A new material built from a combination of wax and foam is capable of switching between hard and soft states, according to research published today by the Massachusetts Institute of Technology (MIT).

The material, which has been developed by Anette Hosoi, a professor of mechanical engineering and applied mathematics at MIT, and a number of researcher partners, could be used to build deformable surgical robots, research suggests.

“If you’re trying to squeeze under a door, for example, you should opt for a soft state

MIT professor Anette Hosoi

If built, a robot made of this material could feasibly move through the body to reach a particular point without damaging any of the organs or vessels along the way.

Working with robotics company Boston Dynamics, the researchers began developing the material as part of the Chemical Robots program of the Defense Advanced Research Projects Agency (DARPA).

However, for a robot to perform meaningful tasks, it needs to be able to exert a reasonable amount of force on its surroundings, Hosoi said.

“You can’t just create a bowl of Jell-O, because if the Jell-O has to manipulate an object, it would simply deform without applying significant pressure to the thing it was trying to move.”

Hosoi explained that controlling a very soft structure is extremely difficult. It is much harder to predict how the material will move, and what shapes it will form, than it is with a rigid robot, she said.
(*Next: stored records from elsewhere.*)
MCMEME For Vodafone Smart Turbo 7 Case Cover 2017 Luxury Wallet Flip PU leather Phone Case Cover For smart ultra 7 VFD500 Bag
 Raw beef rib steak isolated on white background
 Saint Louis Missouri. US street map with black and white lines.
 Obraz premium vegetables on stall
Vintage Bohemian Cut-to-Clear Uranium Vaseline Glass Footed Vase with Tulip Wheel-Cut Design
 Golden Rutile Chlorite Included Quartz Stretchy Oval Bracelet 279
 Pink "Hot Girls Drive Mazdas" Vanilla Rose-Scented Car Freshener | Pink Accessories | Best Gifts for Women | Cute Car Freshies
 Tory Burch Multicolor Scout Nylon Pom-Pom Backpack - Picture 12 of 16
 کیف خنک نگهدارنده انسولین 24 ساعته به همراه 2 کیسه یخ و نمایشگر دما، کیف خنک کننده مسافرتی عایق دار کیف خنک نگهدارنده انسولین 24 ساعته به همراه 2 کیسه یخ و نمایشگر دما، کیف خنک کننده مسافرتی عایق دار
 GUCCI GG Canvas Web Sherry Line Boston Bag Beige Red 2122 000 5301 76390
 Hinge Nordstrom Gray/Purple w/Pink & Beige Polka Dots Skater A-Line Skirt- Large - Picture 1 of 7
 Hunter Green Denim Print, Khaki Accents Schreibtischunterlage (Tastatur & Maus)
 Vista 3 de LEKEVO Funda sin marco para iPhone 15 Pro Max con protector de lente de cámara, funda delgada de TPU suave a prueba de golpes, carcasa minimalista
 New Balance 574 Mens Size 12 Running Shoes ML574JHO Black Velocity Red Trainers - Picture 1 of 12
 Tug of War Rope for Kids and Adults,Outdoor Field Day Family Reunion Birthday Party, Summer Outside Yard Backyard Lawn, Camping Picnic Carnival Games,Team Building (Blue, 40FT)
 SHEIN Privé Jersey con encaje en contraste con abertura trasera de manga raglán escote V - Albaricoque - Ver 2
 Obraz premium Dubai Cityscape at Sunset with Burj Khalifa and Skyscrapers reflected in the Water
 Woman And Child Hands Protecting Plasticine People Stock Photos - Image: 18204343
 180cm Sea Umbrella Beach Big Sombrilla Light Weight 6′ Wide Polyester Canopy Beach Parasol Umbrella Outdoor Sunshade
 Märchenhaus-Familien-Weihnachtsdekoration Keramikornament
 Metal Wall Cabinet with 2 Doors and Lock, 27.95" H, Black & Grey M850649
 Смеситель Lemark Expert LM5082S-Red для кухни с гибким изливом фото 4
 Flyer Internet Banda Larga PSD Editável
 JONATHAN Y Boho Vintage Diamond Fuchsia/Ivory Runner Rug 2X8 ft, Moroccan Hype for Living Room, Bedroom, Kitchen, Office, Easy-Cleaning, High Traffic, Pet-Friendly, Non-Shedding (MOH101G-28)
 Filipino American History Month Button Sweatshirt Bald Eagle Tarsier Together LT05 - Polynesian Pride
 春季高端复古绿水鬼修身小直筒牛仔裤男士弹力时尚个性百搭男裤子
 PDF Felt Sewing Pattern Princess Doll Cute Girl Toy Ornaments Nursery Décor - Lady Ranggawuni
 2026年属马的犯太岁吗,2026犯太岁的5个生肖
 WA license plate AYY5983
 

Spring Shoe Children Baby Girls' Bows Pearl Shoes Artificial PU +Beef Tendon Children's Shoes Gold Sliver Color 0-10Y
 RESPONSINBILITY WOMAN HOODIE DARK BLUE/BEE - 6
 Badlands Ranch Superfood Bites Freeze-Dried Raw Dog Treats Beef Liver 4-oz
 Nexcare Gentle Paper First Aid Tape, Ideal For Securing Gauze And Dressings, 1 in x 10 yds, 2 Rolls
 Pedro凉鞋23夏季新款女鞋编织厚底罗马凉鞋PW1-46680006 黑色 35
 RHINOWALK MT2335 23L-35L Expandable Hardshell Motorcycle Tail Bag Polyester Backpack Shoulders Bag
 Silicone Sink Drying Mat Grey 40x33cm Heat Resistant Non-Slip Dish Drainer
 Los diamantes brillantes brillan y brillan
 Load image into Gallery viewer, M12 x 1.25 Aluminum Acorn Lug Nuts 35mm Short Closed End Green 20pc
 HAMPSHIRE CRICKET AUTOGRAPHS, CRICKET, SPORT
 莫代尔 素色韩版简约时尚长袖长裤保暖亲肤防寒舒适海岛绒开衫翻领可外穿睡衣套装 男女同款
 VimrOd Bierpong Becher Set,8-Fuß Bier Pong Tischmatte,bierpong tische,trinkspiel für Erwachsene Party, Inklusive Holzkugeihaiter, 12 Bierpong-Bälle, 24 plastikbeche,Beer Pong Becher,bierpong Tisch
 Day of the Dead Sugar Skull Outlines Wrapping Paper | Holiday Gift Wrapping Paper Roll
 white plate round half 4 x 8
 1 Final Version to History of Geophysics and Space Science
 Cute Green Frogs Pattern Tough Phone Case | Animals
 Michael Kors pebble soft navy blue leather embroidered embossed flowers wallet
Therefore, the research team concluded that the only way to build a deformable robot would be to develop a material that can switch between a soft and hard state.

“If you’re trying to squeeze under a door, for example, you should opt for a soft state, but if you want to pick up a hammer or open a window, you need at least part of the machine to be rigid,” Hosoi said.

To build a material capable of shifting between squishy and rigid states, the researchers coated a foam structure in wax. They chose foam because it can be squeezed into a small fraction of its normal size, but once released will revert back to its original shape.

The wax coating is capable of changing from a hard outer shell to a soft, pliable surface with moderate heating. This could be done by running a wire along each of the coated foam struts and then applying a current to heat up and melt the surrounding wax, the research suggests.

Turning off the current would allow the material to cool down and return to its rigid state.

“This material is self-healing,” Hosoi said. “So if you push it too far and fracture the coating, you can heat it and then cool it, and the structure returns to its original configuration.”

To build the material, the researchers placed the polyurethane foam in a bath of melted wax. They then squeezed the foam to encourage it to soak up the wax, explained graduate student and research partner Nadia Cheng.

“A lot of materials innovation can be very expensive, but in this case you could just buy really low-cost polyurethane foam and some wax from a craft store,” Cheng said.

Hosoi is now investigating the use of other unconventional materials for robotics, such as magnetorheological and electrorheological fluids.

These materials consist of a liquid with particles suspended inside, and can be made to switch from a soft to a rigid state with the application of a magnetic or electric field.